*EXERCISE INSTRUCTIONS*:
In the entries below, the lines from the one with "During the pressurization" through the one with "So, hey guys, I'm" are to be copied exactly; both ends count.

*RECORDS*:

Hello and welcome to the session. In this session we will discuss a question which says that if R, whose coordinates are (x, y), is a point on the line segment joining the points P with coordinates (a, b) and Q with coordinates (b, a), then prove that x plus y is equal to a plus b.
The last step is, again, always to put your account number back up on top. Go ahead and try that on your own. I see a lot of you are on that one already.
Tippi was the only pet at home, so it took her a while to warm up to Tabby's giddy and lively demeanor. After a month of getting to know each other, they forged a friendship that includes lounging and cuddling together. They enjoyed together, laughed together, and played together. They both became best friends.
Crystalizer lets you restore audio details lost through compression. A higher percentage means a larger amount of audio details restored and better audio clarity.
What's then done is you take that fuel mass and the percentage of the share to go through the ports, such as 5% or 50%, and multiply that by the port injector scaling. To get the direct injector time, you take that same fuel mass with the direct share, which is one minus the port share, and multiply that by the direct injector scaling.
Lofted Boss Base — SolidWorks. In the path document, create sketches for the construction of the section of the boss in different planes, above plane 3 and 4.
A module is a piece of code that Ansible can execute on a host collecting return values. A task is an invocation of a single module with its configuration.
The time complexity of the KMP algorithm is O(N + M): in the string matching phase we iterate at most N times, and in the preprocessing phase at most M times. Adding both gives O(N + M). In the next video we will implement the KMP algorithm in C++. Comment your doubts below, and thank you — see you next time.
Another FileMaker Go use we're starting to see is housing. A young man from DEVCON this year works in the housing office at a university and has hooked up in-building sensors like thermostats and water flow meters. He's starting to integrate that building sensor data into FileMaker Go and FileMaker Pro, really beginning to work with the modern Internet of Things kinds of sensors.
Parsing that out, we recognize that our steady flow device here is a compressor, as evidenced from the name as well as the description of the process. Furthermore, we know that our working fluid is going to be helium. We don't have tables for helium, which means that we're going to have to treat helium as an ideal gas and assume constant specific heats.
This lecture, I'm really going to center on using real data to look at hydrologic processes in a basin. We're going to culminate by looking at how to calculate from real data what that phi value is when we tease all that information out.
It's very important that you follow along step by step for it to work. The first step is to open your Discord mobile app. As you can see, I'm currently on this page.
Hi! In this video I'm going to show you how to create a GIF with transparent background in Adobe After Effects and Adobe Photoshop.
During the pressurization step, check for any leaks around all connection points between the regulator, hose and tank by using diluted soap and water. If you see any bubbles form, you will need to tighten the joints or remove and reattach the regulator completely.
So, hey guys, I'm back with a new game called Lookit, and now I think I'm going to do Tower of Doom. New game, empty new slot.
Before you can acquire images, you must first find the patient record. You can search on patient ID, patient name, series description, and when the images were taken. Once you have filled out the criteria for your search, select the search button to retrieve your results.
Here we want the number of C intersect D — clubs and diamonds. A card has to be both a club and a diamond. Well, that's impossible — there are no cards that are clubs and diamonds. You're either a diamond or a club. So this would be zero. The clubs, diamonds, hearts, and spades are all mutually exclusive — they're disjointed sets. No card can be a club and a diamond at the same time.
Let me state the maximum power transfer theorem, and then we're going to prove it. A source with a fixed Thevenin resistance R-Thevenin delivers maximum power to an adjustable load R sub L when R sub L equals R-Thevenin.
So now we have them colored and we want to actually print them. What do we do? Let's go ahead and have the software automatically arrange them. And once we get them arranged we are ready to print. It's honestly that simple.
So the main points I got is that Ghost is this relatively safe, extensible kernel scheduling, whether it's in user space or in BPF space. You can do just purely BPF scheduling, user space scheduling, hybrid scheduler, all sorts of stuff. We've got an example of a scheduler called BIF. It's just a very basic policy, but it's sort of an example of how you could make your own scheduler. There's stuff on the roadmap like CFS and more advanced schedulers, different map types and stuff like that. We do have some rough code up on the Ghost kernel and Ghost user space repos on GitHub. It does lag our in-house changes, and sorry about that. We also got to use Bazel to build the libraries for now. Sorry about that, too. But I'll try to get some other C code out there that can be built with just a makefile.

*EXERCISE ANSWER*:
During the pressurization step, check for any leaks around all connection points between the regulator, hose and tank by using diluted soap and water. If you see any bubbles form, you will need to tighten the joints or remove and reattach the regulator completely.
So, hey guys, I'm back with a new game called Lookit, and now I think I'm going to do Tower of Doom. New game, empty new slot.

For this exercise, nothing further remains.